Holder is probably right to say that legally he had little choice. It is not that, as Tom Malinowski argues, torture does not really work. It is that the interrogation techniques used were plainly illegal. In Hamdan v. Rumsfeld, the Supreme Court held that Geneva Convention rules requiring that prisoners not be subjected to cruel or degrading treatment apply to all detainees, even suspected terrorists. Likewise, the Convention Against Torture, which Ronald Reagan signed into law, requires the U.S. to prosecute anyone authorizing the infliction of “severe pain and suffering, whether physical or mental” for the purpose of obtaining information. And now, according to the New York Times, the Department of Justice’s Office of Professional Responsibility (OPR) has recommended that Holder reopen some detainee abuse cases, calling into the question the ethics of the original decision not to investigate.

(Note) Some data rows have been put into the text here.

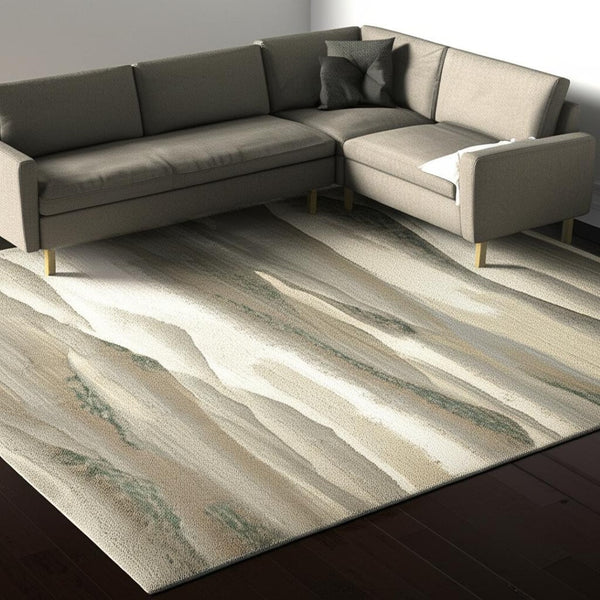 HomeRoots 10' Contemporary Blue and Gray Abstract Power Loom Area Rug for Stylish, Durable Home Decor 5' X 7' 510478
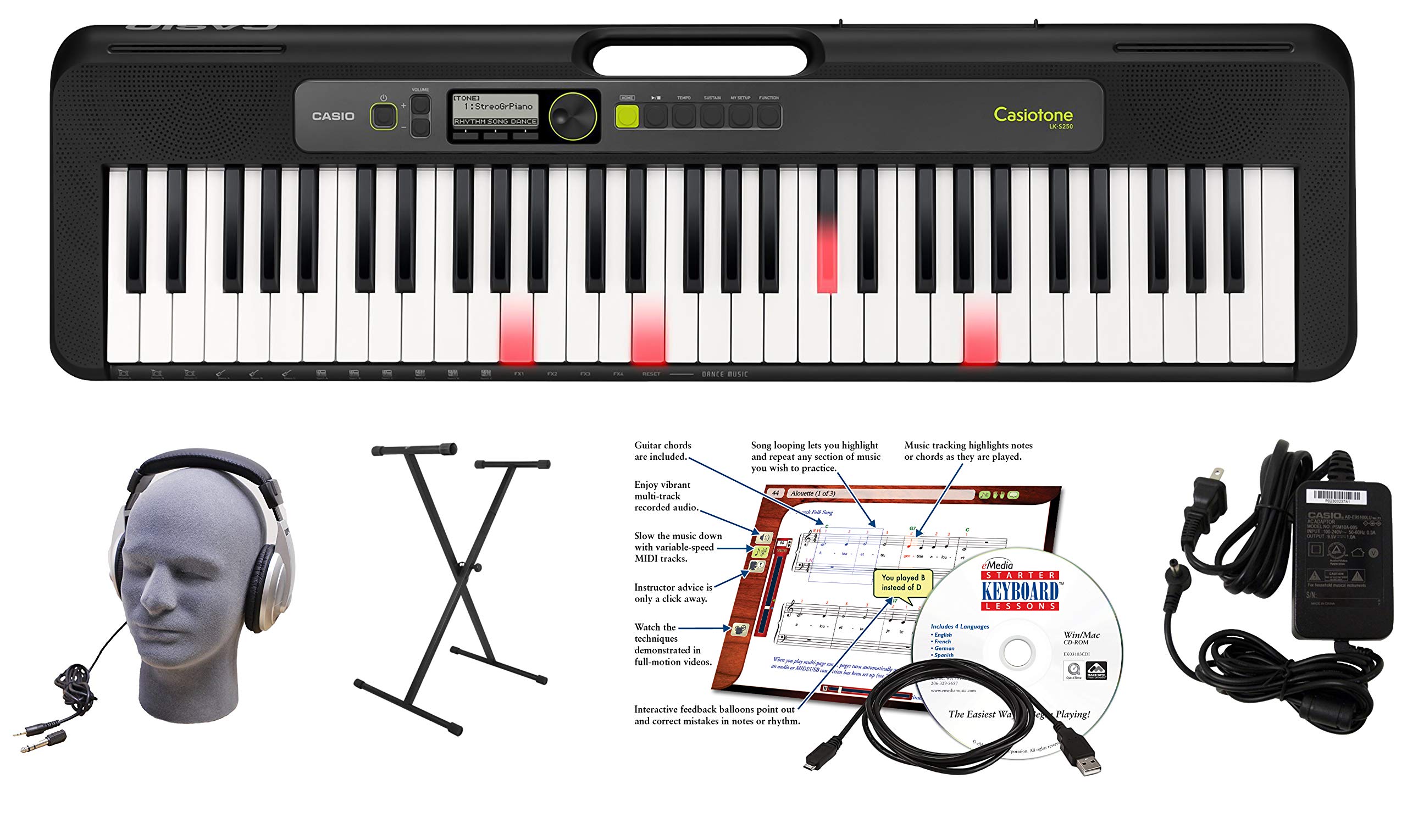 Casio 带电源的高级发光键盘组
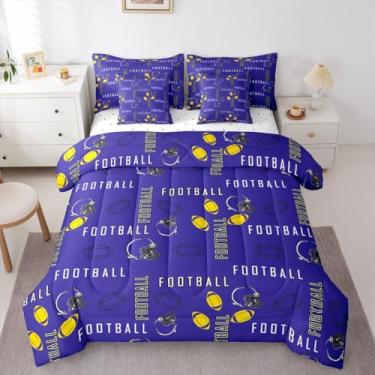 Imagem de jejeloiu Jogo de cama solteiro de futebol americano Baltimore com edredom para crianças, meninos, meninas, futebol americano, cidade, 7 peças, roxo, amarelo, respirável, macio, para decoração de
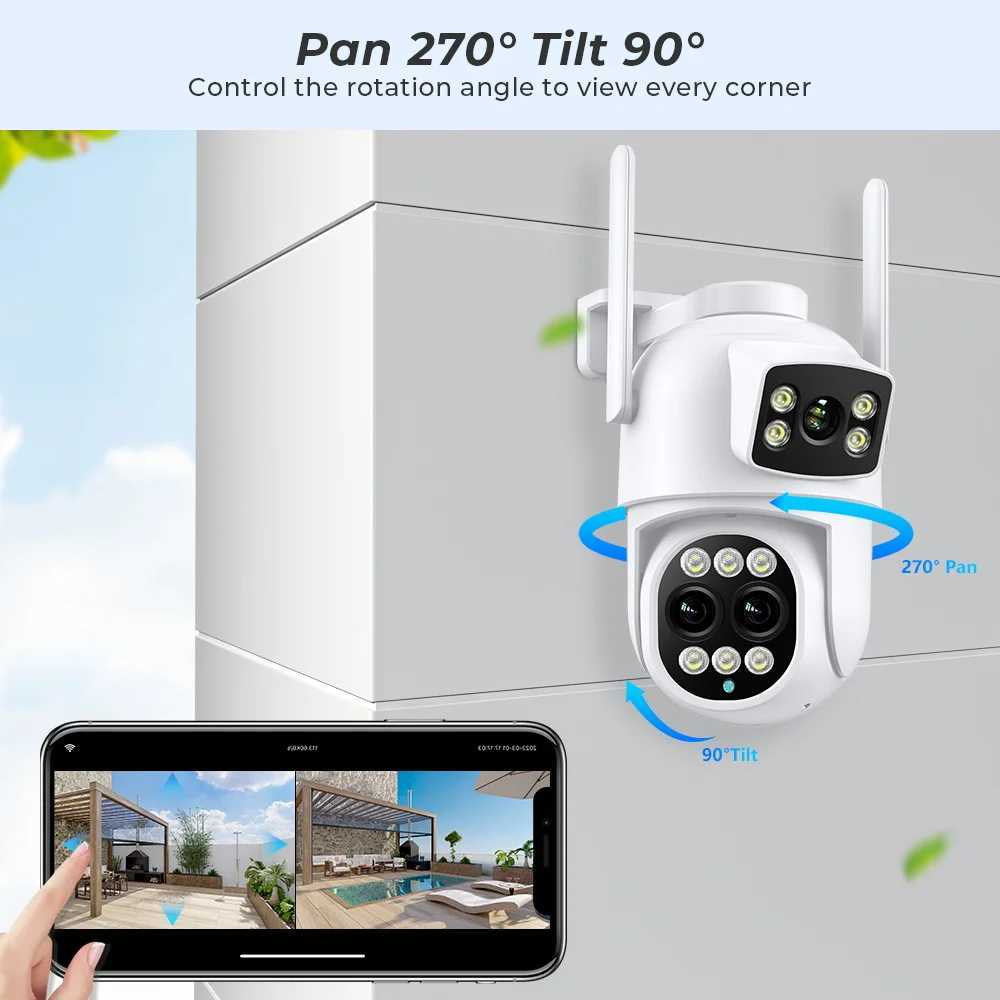 Câmeras IP 9MP PTZ Câmera Wi -Fi Tela dupla 8x Detecção de Zoom Digital Detecção Humana Proteção de Segurança CCTV Câmera IP IPSee 240413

Nevertheless, Holder limited the scope of the investigation at the outset, saying it would only look at cases in which interrogators went beyond the legal guidelines laid out by the Bush Justice Department. It may be reasonable not to focus on interrogators who had been told that what they were doing was legal. But Holder’s decision also means that the review will not consider whether it was legal to authorize those methods in the first place. Instead it treats controversial Justice Department memos—including one that was so widely criticized that the White House actually had to disavow it—as if they were settled law.

That’s why Glenn Greenwald argues that the effect will be to hold a few low-level officials accountable for the abuses, while letting the architects of the policy completely off the hook. That would be especially troubling in light of newly released government documents, which seem to show that the interrogations were closely directed by high-level officials at C.I.A. headquarters and the Department of Justice. Rep. John Conyers (D-MI) and Rep. Jerrold Nadler (D-NY) likewise argue that the probe should go further because “It would not be fair or just for frontline personnel to be held accountable while policymakers and lawyers escape scrutiny after creating and approving conditions where such abuses were all but inevitable to occur.”

It is easy to see why Obama would not want to look too closely at allegations of detainee abuse under the Bush administration. His advisors, as Jane Mayer tells us, are worried that even the appearance of partisan score-settling would deplete his political capital:

Basically, they regard their ability to hold the support of independent and conservative Democratic voters as essential politically for their very ambitious agenda. They dread any issue that could launch a divisive culture war. An exploration of Bush’s use of torture, seen from this perspective, is a potentially dangerous political distraction.

And since members of both parties played a role in authorizing the interrogation policy, neither has much stomach for a broader inquiry.

But at issue is not just the important question of whether we should be torturing suspected terrorists, but also the extent to which the President can make and interpret the laws he is supposed to enforce. Because if the executive branch can avoid prosecution simply by finding a lawyer who is willing to argue that what it is doing is legal, it can do more or less anything it wants. The question of whether to investigate detainee abuse is thus part of a larger fight over the degree to which the President should be subject to judicial and legislative oversight. What is at stake is ultimately not so much whether the people behind the abuse of detainees are punished, as it is whether to give Presidents the sole power to do the same thing in the future.